Former National Security Agency contractor Edward Snowden told members of the Council of Europe Tuesday that the United States has spied on workers at major human rights groups.
Speaking via VideoLink from Moscow, where he currently lives, Snowden said the NSA spied on groups including Human Rights Watch and Amnesty International. Both groups have been highly critical of a number of U.S. policies, from treatment of detainees at Guantanamo Bay to the use of drones in targeted killings, to abuses in the American prison system.
Snowden told the Parliamentary Assembly of the Council of Europe, “The NSA has in fact specifically targeted the communications of either leaders or staff members in a number of purely civil or human rights organizations of the kind described.” Members of the Council asked if the NSA or Government Communications Headquarters (GCHQ), Britain’s counterpart agency were actively monitoring the communications of human rights advocates.
Snowden also said he believed the NSA should scrap its entire mass surveillance program and take up a more targeted approach aimed at known suspects, and that encryption is the only way for civilians to maintain some level of security.
Responding to the allegations, Dinah Pokempner, Human Rights’ Watch’s general counsel, said, “If it’s true that the NSA spied on groups like Human Rights Watch and Amnesty International, it’s outrageous, and indicative of the overreach that U.S. law allows to security agencies. Such actions would again show why the U.S. needs to overhaul its system of indiscriminate surveillance.”

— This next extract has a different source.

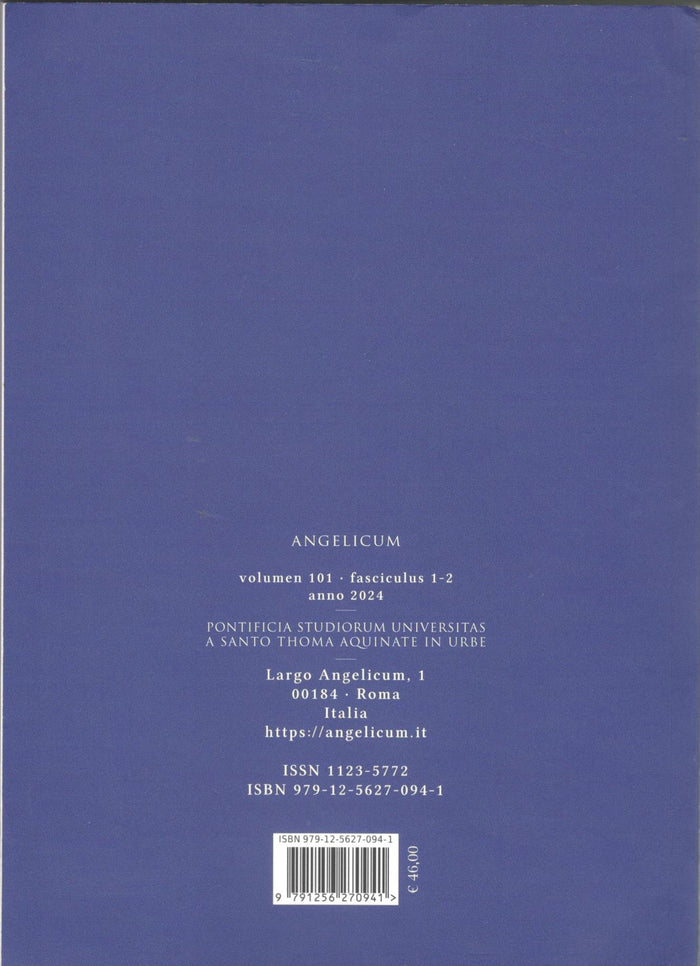 Angelicum Vol.101 | Issues 1-2 | 2024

Amnesty International also raised concerns over possible threats to the safety of the organization’s sources. “This raises the very real possibility that our communications with confidential sources have been intercepted. Sharing this information with other governments could put human rights defenders the world over in imminent danger. When these concerns were raised before the U.S. Supreme Court, they were dismissed as being ‘speculative’. Snowden’s latest revelation shows that these concerns are far from theoretical – they are a very real possibility,” said Michael Bochenek, Senior Director of International Law and Policy at Amnesty International.
“We now need a full and frank disclosure of the extent of these surveillance programs as well as water-tight legal guarantees against such indiscriminate surveillance in the future.”